Our approach works well for the majority of our samples which are fairly simple and contain components with molecular weights <500 daltons. On the other hand, improvements are needed for complex samples and components with molecular weights >500 daltons. I have discussed some of my thoughts and opinions below and a good review of small molecule identification was recently published.
1. CAS Registry/SciFinder: The major improvement needed in SciFinder is the addition to search by monoisotopic mass within a specified m/z error window. This would be especially useful for higher molecular weight components, but could be used effectively for all components eliminating the need for any subjective decisions in specifiying the elements searched, numbers of double bond equivalents, numbers of elements, etc. in the determination of a molecular formula. The resulting structures from the monoisotopic searches could be returned to the manufacturers’ software and further ranked/sorted by their isotopic fidelity and mass error.
Recently, CAS did add the ability to search by average molecular weight in SciFinder. This capability was only previously available in STN Express. This is useful, but the monoisotopic mass can be determined with much better precision and accuracy than the average molecular weight. At lower m/z values too many candidates are recovered due to the very large number of components in the CAS Registry between 300-500 daltons and the large measurement error.
ChemSpider has an applications program interface (API) which can be used by manufacturers to query the ChemSpider database and return results to their interfaces for further processing/displaying. A similar type approach would be very useful for the CAS Registry. The Registry does currently allow one to manually export a reasonable number mol files (structural connection tables) in an SDF file format. It would be very desirable to also included other fields in the SDF file such as the number of associated references.
Other needed improvements (limitations) are found on page 12 of a prepress article found on this website.
2. Chemspider: There are many duplicate structures in ChemSpider for the same compound. CAS Registry does a better job of listing a unique structure for each record. Several other suggestions for ChemSpider are found on page 8 of a prepress article.
3. In-Silico Fragmentation: Many programs exist for the in-silico fragmentation of structures including MS Interpreter (NIST), MetFrag, Molecular Structure Correlator (Agilent), MathSpec (D. Sweeney), and Fragmentation Prediction Tool in PeakView Software (AB Sciex). Much more needs to be done in this area to improve the reliability of ranking candidate structures by comparison of in-silico spectra to acquired CID spectra. A section in a review article discusses the current state of in silico work.

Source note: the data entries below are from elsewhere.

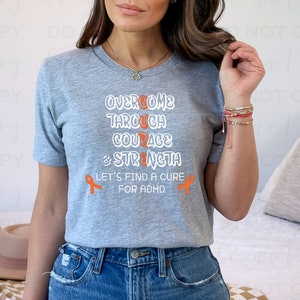 May include: A gray t-shirt with the text "Overcome Through Courage & Strength Let's Find A Cure For ADHD" in white. Two orange awareness ribbons are on either side of the text.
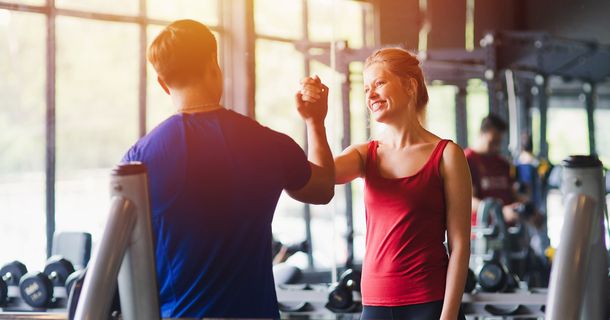 Fitnessstudiomitglied gibt seinem Trainer einen Handschlag auf der Trainingsfläche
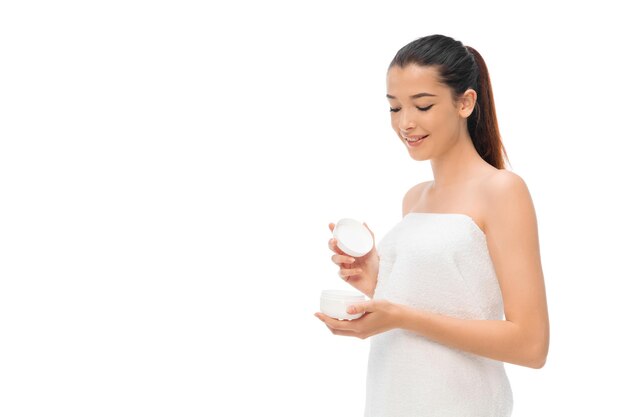 Woman in towel holding cosmetic product on white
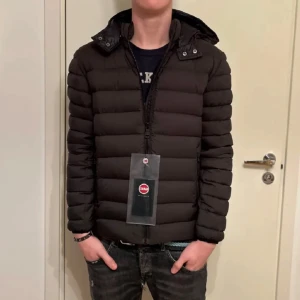 Svart pufferjacka med huva - Snygg svart pufferjacka från Save the Duck med huva och dragkedja. Perfekt för kyligare dagar. Jackan har en stilren design och är lätt att matcha med olika outfits.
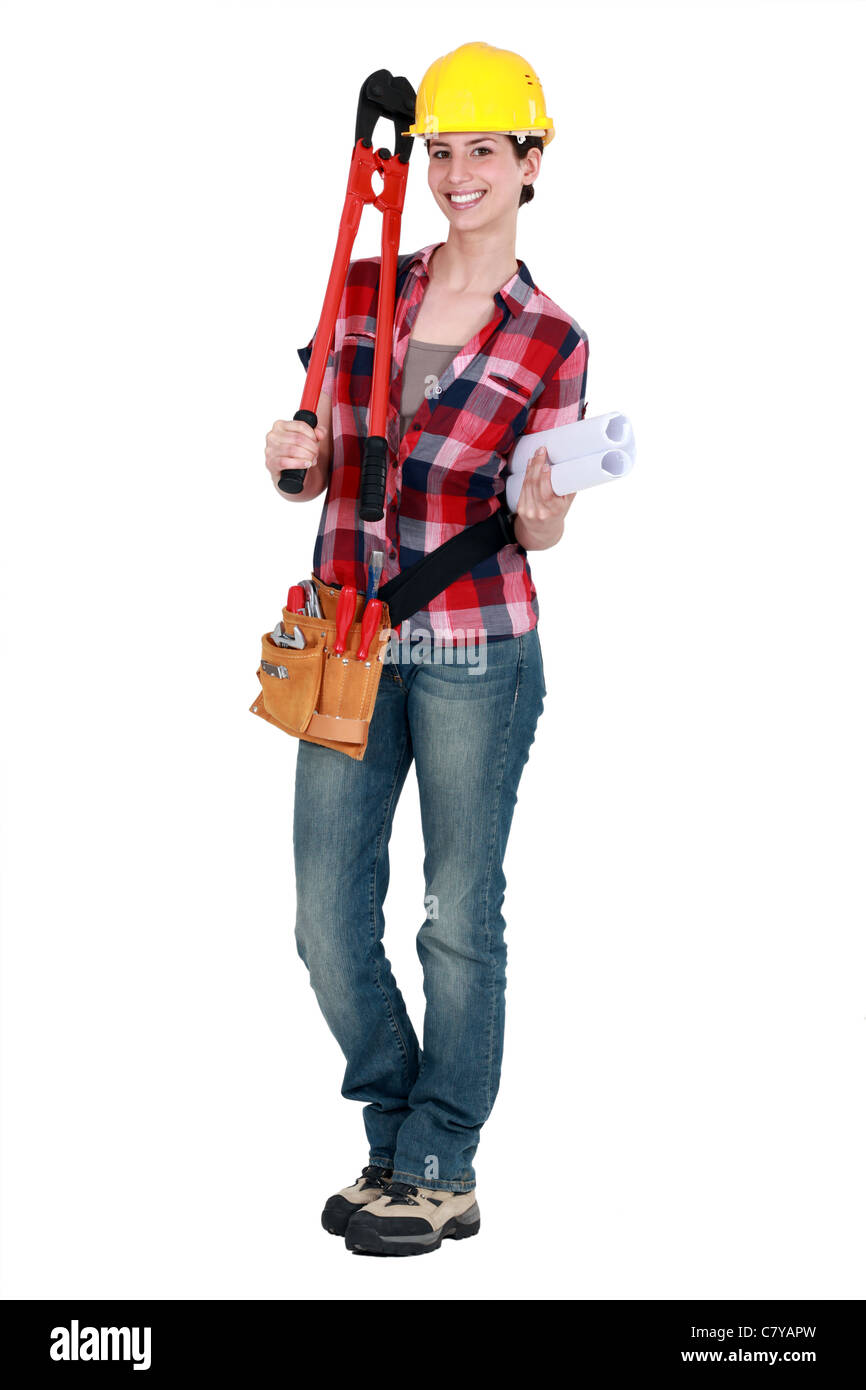 Tradeswoman holding large clippers and rolled-up drawings Stock Photo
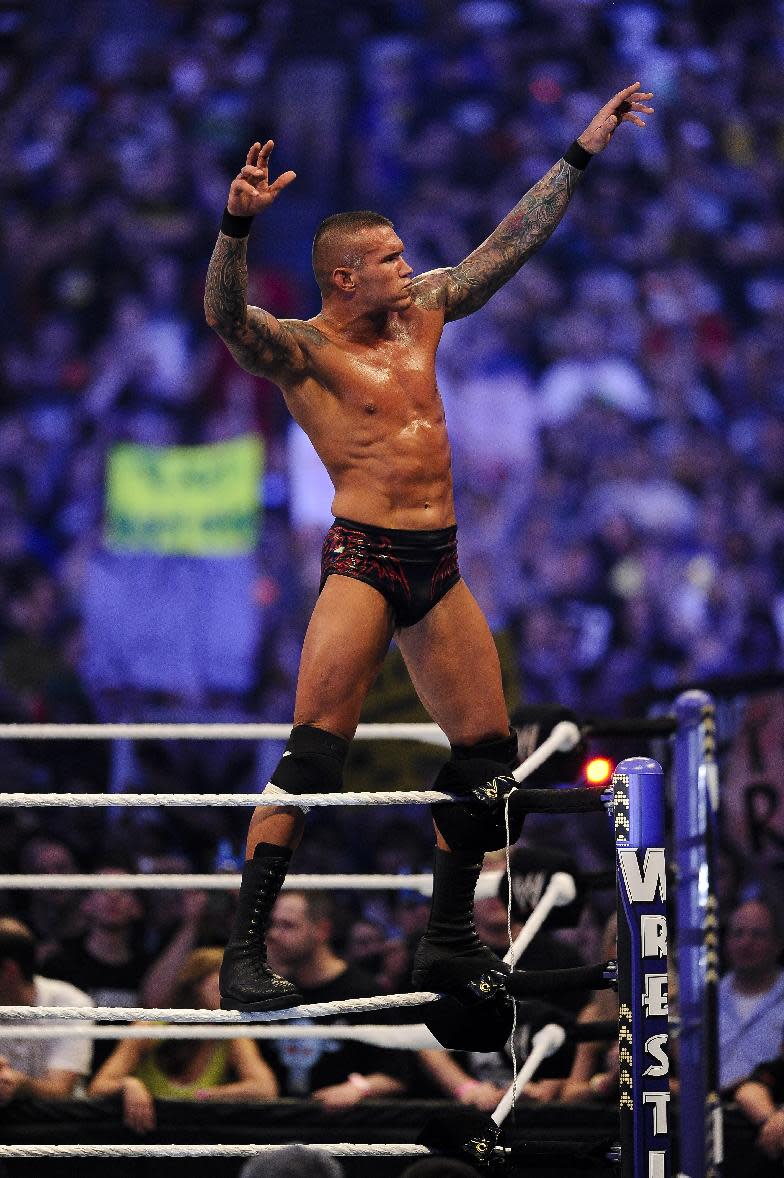 FILE- In this Sunday, April 3, 2011 file photo, WWE Superstar Randy Orton celebrates defeating CM Punk (not pictured) during WrestleMania XXVII at the Georgia Dome in Atlanta, Georgia on. World-famous WWE wrestlers such as John Cena, Shaemus and champion Randy Orton are in Saudi Arabia for three days of matches in the capital Riyadh. (Paul Abell/AP Images for WWE, File)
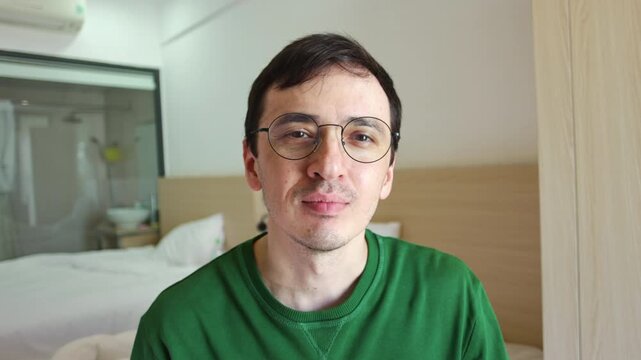 Happy man with glasses looking at the camera, puckering his lips, and blowing a romantic air kiss with his hand, showing affection and love in a friendly gesture from a personal point of view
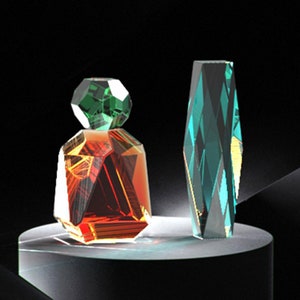 May include: Two glass bottles with geometric designs. The bottle on the left is red and green, while the bottle on the right is blue and green.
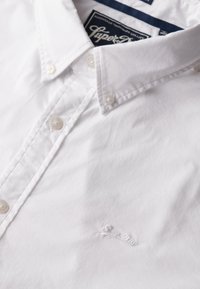 Witte button-up shirt met een klassieke kraag, van katoen met een subtiele textuur. Bevat een klein geborduurd logo op de borst.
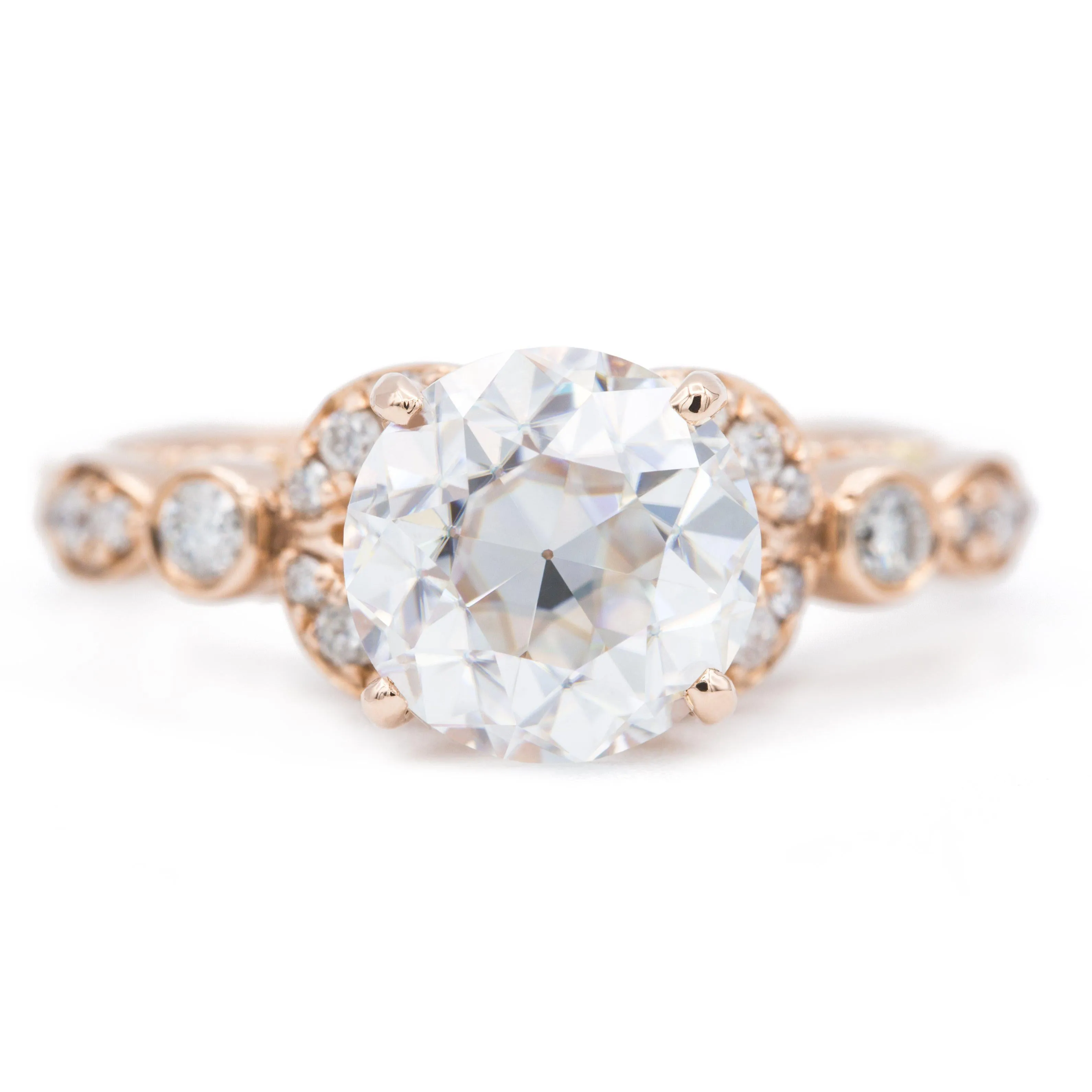 8mm Round OEC Heirloom Moissanite 14K Rose Gold Half Bead Shank and Diamond Bezel Side Ring
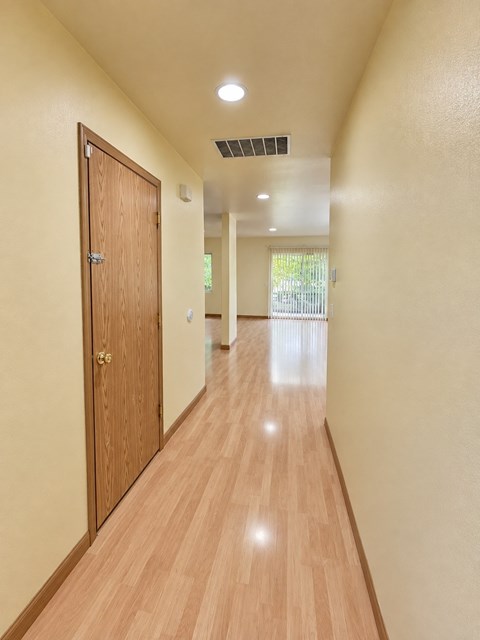 A long hallway with a wooden floor and a door on the left.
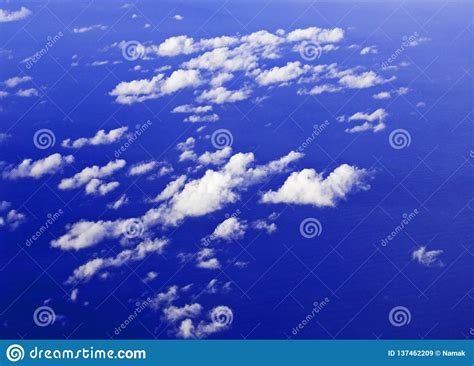 Lilac Sky With Cumulus Clouds From An Airplane Window Stock Image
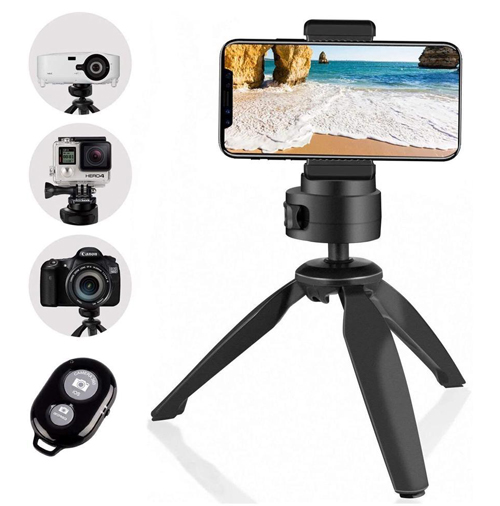 A smart phone is installed on a tripod next to projector on a tripod, a white camrea on a tripod, a DSLR on a tripod, and a bluetooth controller.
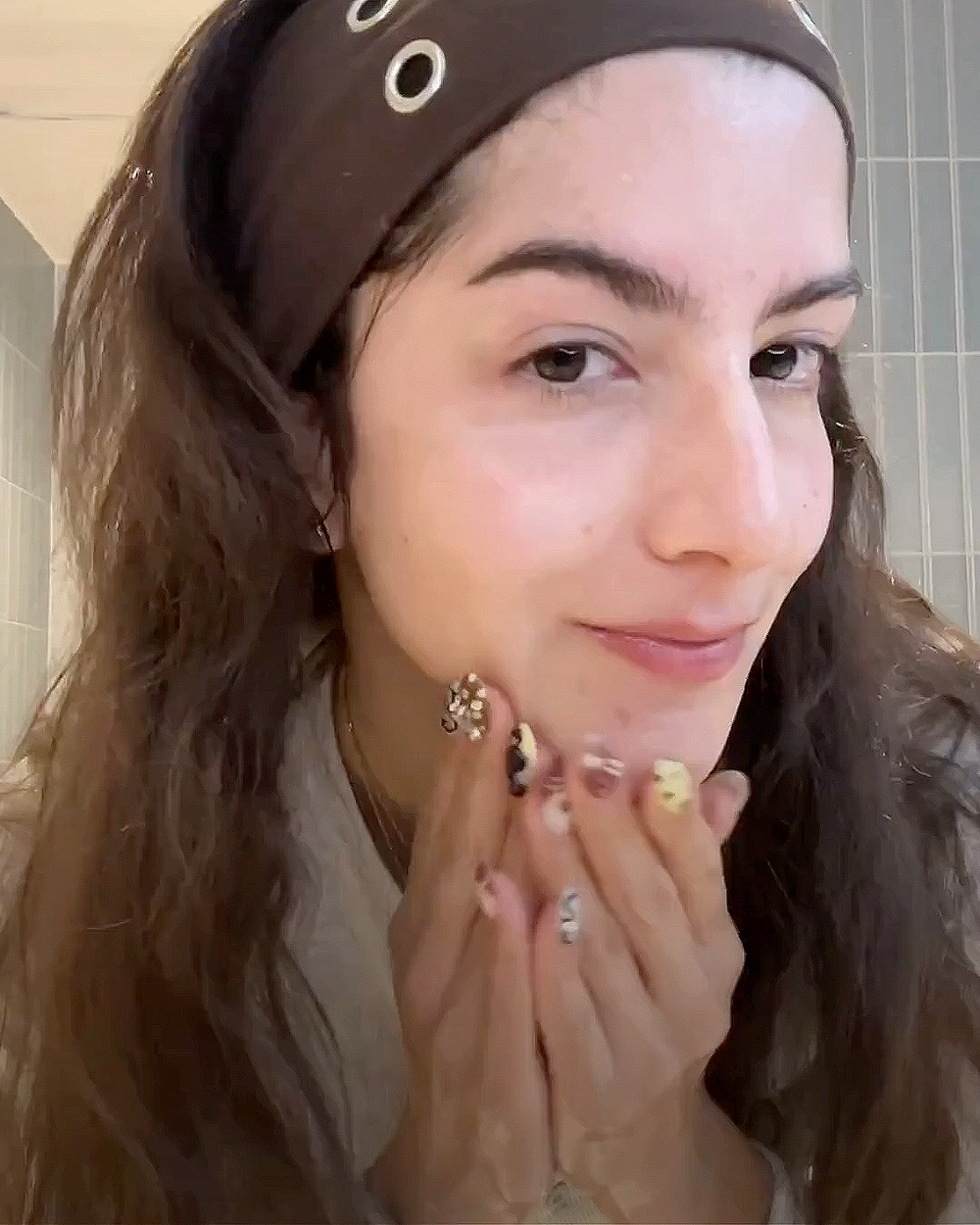 Woman washing her face in a bathroom setting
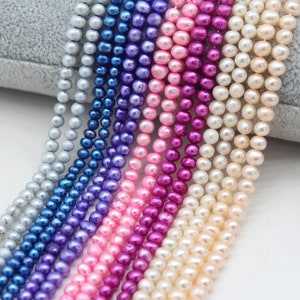 May include: A strand of pearls in various colors, including white, pink, purple, blue, and gray. The pearls are strung together on a thin thread and are arranged in a rainbow pattern.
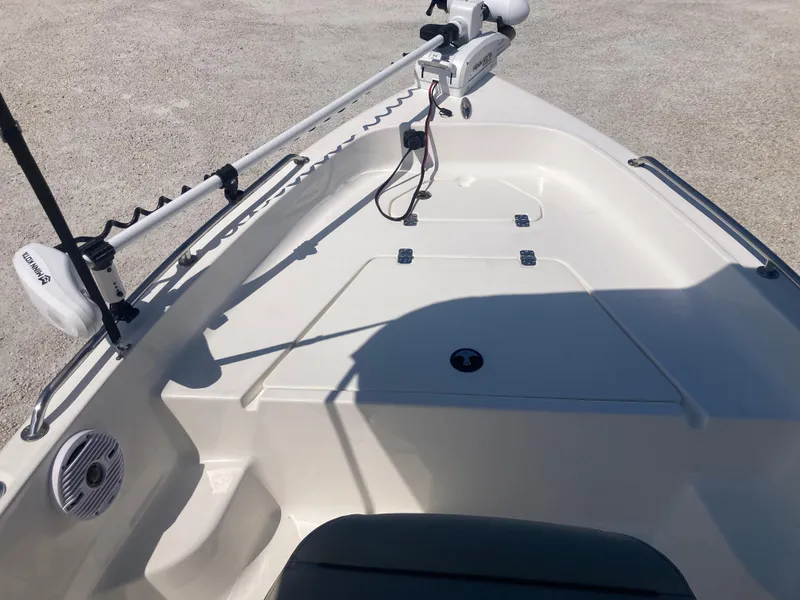 Slide: The Image of 2025 Key West 1720CC boat deck with mounted equipment and storage compartments. - 8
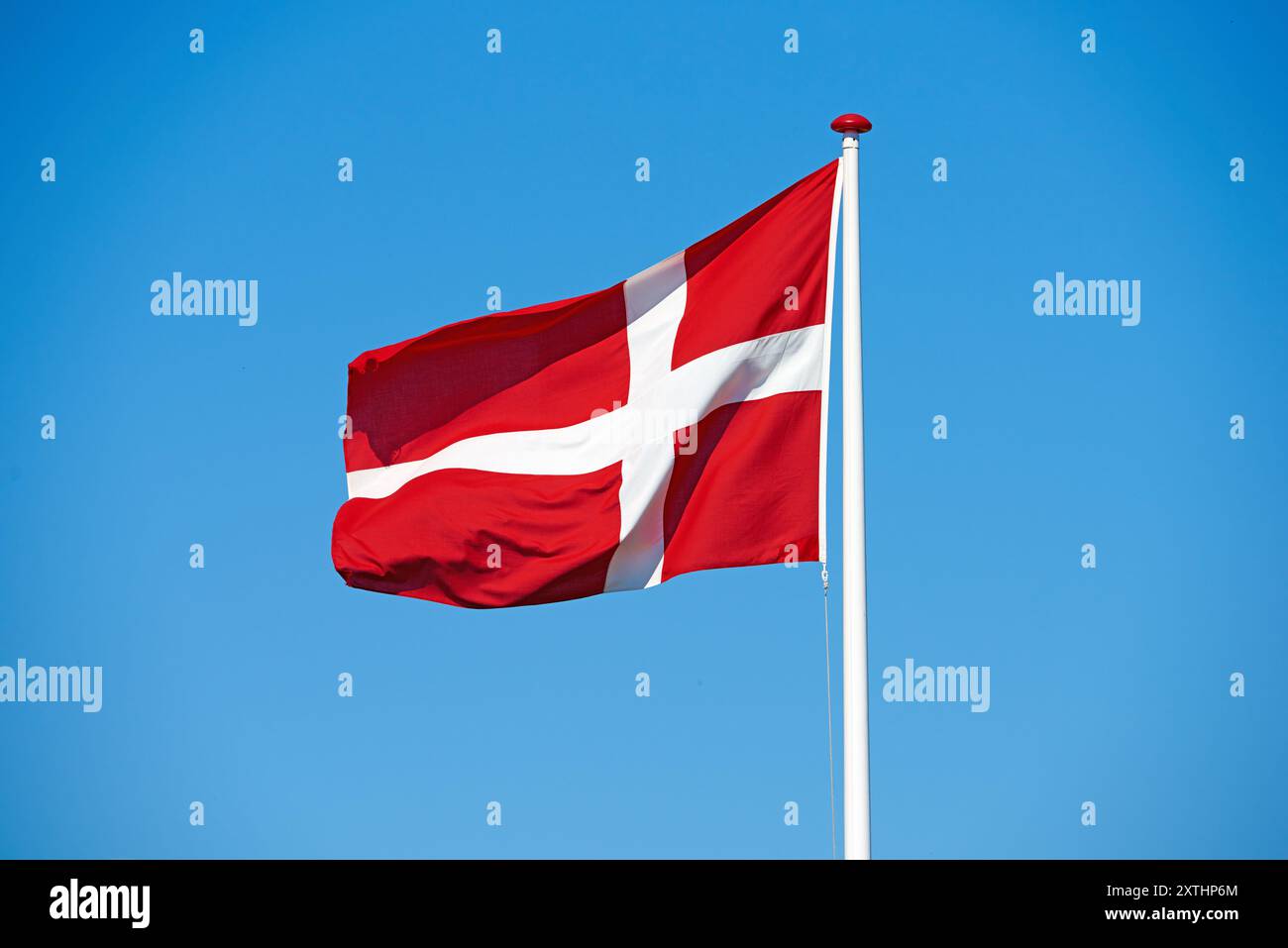 Drapeau, ciel bleu et danemark avec symbole de pays, scandinave ou état danois avec croix rouge et blanche. Vent, poteau ou représentation colorée de Banque D'Images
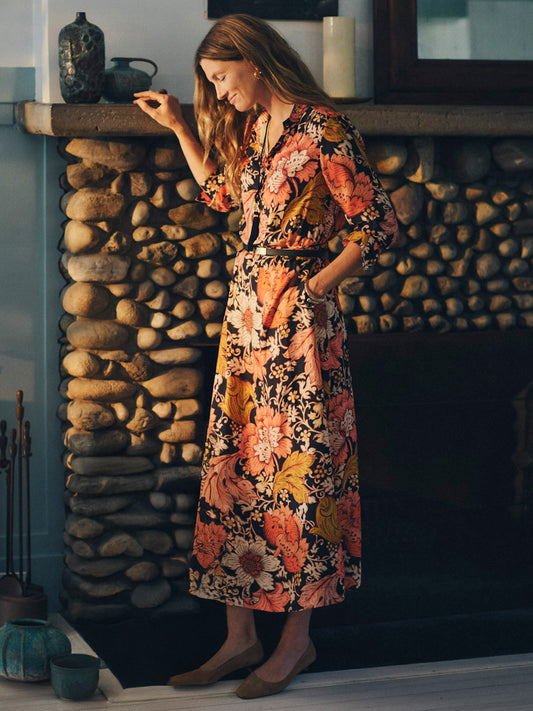 Woman wearing a Hannah Silk Blend Dress in City Garden by J.McLaughlin featuring a vibrant floral pattern, standing and smiling near a rustic stone fireplace, showcasing effortlessly stylish, enduring design.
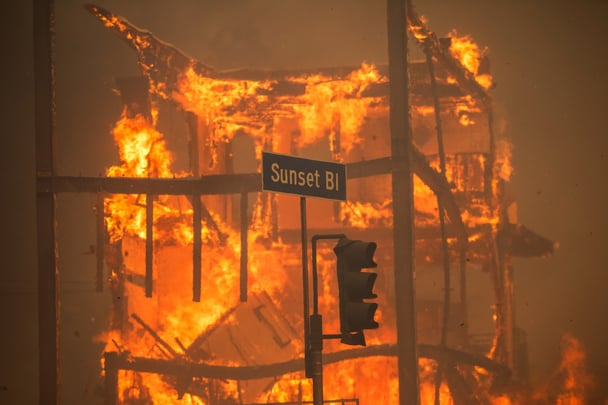 A building is destroyed by uncontained wildfires on Sunset Boulevard, LA.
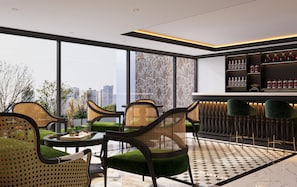 A modern bar area with a city view, featuring wicker chairs, a bar counter, and a large window. - Mayan Hanoi Residence (Hai Ba Trung)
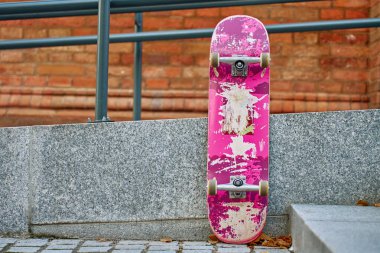 Şehir caddesinde taş duvara karşı çizilmiş pembe kaykay kullanılmış. Kentsel spor ve gençlik alt kültür kavramı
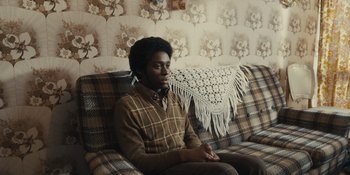 Movie still from “Small Axe” (2020), directed by Steve McQueen – Medium shot, High angle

4. Automated Processing and Reporting: Manufacturers are improving their automatic processing and reporting for LC-MS and GC-MS, but we still spend an unacceptable amount of time hand-annotating chromatograms for customers. Much of this could be avoided if manufacturers would further improve their software.
It would be very powerful if both ChemSpider and CAS Registry used application program interfaces to obtain structures and associated numbers of references which would be returned to the manufacturers’ software programs. They could then be ranked by individual scores considering the number of associated references, isotopic fidelity, mass accuracy, isotopic spacing, elemental composition from fragmentation data, in-silico fragmentation, commercially availability, etc. Then an overall score could be assigned by weighting these individual scores to allow sorting of the candidate structures.